Başkanlık sistemi işçinin yaşamını karartacak

Türkiye’de anayasa değişikliği altında rejim değişikliğine doğru gidilmek isteniyor. Önerilen anayasa değişiklikleri demokrasinin temel ilkelerini ortadan kaldırıyor ve bu öneriler TBMM’ye demokratik düzen sayesinde seçilmiş milletvekillerince kabul ediliyor. Demokrasi karşılıklı denetim esasına ve yargı bağımsızlığına dayanır. Siz yasama, yürütme ve yargı erkini tek adamda toplarsanız ve yargının bağımsızlığını sağlayacak Hakimler ve Savcılar Yüksek Kurulu, TBMM’nin kararlarını denetleyecek Anayasa Mahkemesi üyelerinin belirlenmesini Cumhurbaşkanına ve onun başkanı olacağı çoğunluk partisine bırakırsanız o ülkede tuz kokacak demektir.
NELER OLACAK?
Değişikliklerin amacı ülkeyi adım adım bir İslamî Cumhuriyet kuruluşuna doğru götürmektir. Bu gerçekleştirilirse demokrasinin ve onun ayrılmazı olan temel hak ve özgürlüklerin üzerine bir şal örtülecek ve en önce işçi hakları buharlaşacaktır. Çünkü hiçbir İslam Cumhuriyetinde veya İslami esaslara göre yönetilen hiçbir ülkede işçi-memur hakları ve sendikalar yoktur. Bu yetkilerle donatılan AKP’li bir Cumhurbaşkanının ileride işçi hakları konusunda neler yapabileceğini anlamak için AKP’nin 2002'den beri neler yaptığına bakmak yeterlidir. O dönemde yapılanların tüm yetkileri elinde toplayacak olan Cumhurbaşkanının bilgisi ve yönlendirilmesi ile yapıldığını unutmamak gerek. AKP’nin 2003 yılında çıkardığı 4857 sayılı İş Yasası ve 2012'de çıkardığı 6356 sayılı Sendikalar ve Toplu İş Sözleşmesi Yasası işçilerin işverenler karşısında güçlenmesini önleyen hükümlerle doludur. İşe iade davalarında işçinin çalışma hakkı ortadan kaldırılmış, işçinin bu hakkı kullanması tamamen işverenin keyfine terkedilmiştir. Yasadaki grev yasakları ve hükümetin sıkça uyguladığı grev ertelemeleri grev hakkını ve sözleşme özgürlüğünü fiilen ortadan kaldırmış durumdadır. İşçilerin sendikalarda örgütlenmesi, toplusözleşme yapabilmeleri içindir ama bu hakkı kullanmaları Çalışma Bakanlığı'nın takdirine bırakılmış, sözleşme yetkisini işçinin oyuyla belirleyecek olan referandumdan ısrarla kaçınılmıştır.

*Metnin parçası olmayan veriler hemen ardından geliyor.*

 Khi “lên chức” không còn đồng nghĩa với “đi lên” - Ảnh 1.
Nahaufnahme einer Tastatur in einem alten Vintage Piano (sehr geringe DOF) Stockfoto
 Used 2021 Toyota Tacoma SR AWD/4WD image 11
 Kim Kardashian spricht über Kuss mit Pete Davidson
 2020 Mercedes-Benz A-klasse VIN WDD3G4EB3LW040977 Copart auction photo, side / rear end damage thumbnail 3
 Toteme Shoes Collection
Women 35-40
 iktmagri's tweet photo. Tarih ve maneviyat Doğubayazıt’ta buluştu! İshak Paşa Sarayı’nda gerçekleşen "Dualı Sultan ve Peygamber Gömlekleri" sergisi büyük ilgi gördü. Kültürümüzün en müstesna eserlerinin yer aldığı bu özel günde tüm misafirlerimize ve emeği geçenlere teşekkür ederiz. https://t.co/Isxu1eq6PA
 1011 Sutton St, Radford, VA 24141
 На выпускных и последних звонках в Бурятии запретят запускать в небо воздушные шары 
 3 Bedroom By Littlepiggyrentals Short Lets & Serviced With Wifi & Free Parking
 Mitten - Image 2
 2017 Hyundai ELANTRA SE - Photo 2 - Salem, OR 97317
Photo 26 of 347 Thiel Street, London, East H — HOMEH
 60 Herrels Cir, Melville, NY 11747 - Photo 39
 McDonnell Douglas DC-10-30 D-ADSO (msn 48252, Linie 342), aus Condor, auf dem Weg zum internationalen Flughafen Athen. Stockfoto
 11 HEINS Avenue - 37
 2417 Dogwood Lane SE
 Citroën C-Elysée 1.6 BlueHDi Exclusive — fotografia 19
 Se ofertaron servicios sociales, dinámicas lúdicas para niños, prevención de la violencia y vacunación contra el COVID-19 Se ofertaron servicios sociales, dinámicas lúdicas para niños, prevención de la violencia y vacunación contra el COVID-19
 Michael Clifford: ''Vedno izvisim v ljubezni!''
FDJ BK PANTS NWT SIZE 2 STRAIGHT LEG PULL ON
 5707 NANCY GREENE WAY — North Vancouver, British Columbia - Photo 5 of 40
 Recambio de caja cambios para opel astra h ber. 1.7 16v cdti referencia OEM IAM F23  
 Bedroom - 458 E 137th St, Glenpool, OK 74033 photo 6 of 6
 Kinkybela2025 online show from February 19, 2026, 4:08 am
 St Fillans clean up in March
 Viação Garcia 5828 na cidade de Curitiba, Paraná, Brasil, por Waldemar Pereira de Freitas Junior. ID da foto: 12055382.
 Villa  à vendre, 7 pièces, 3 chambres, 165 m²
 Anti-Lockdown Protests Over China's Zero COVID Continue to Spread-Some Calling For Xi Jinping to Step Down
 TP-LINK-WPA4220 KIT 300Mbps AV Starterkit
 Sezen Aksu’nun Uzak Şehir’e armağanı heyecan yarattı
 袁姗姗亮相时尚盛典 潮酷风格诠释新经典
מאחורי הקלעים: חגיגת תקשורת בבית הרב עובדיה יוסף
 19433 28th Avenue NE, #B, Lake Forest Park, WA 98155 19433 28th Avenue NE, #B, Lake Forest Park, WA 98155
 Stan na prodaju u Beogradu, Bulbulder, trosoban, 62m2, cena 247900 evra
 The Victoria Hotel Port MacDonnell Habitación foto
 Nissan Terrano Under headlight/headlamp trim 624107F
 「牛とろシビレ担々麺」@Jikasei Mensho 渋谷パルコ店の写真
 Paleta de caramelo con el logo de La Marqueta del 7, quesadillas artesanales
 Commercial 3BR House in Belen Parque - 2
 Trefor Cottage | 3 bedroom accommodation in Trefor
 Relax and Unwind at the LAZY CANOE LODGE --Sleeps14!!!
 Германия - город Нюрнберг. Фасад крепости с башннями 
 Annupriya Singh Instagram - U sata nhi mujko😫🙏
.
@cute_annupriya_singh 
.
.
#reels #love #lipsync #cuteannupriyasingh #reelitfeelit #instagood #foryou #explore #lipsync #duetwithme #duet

AKP İŞÇİLERİN GÜÇLENMESİNE KARŞIDIR
Karşıdır çünkü ülke çapında yaygın olarak örgütlü ve sayıca güçlü sendikalar meydanlara işçileri sürdüğü zaman iktidarların devrildiğini hep aklında tutmuştur. 1.800.000 milyon işyeri olan ülkemizde ancak 30 bin işyerinde işçilerin örgütlenebildiği hatırlanırsa AKP, yasaları değiştirmeyerek işverenlerin sendikalaşmaya karşı çıkışının sürekli arkasında durmuştur. AKP asgari ücrete 100 TL zam yaparak işçi ile alay etmiştir. Arabuluculuk kavramı hukuk sistemine ihtiyari olarak sokuldu ama şimdi zorunlu hale getirilerek işçinin en doğal hakkı olan dava hakkı AKP tarafından ortadan kaldırılmak isteniyor. Çalışma Bakanlığı İş Mahkemeleri Yasa Tasarısı Taslağı hazırlayarak işçilerin işe iade davaları açmadan önce arabulucuya gitme zorunluluğunu getirmek istiyor. Nedeni işten çıkarılan işçiye tazminat ödeme kartını göstererek onu işe iade isteğinden vazgeçirmek. Bir tür havuç politikası ile işten çıkarılan işçinin işine dönmesinin önü kesilmek isteniyor.
İŞÇİLER REFERANDUMDA 'HAYIR' OYU VERMELİDİR
İşçilerimiz kendilerine reva görülen bunca olumsuzluğa rağmen celladına aşık ve büyük bir şevkle AKP’ye oy vermeye devam ediyor. Referanduma sunulacak anayasa değişikliği ve kurulacak başkanlık rejiminin yaşamlarını karartacağının farkında değiller. Ne işçiler ve ne de sendikaları, kendilerini bekleyen bu büyük tehlikenin farkında değil. Kendilerini uyarıyoruz. AKP geçmişte işçiye ne getirdi ki başkanlık rejiminde ne getirecek! Aksine başkan güçlü örgüt istemeyeceğinden var olan haklarını da ortadan kaldıracak. Birileri işçilere bu değişikliğin işçi ve sendikasının hayrına olmayacağını anlatmalı ve hayatlarını karartacak bu değişikliğe referandumda “hayır” demeleri gerektiğini hatırlatmalı.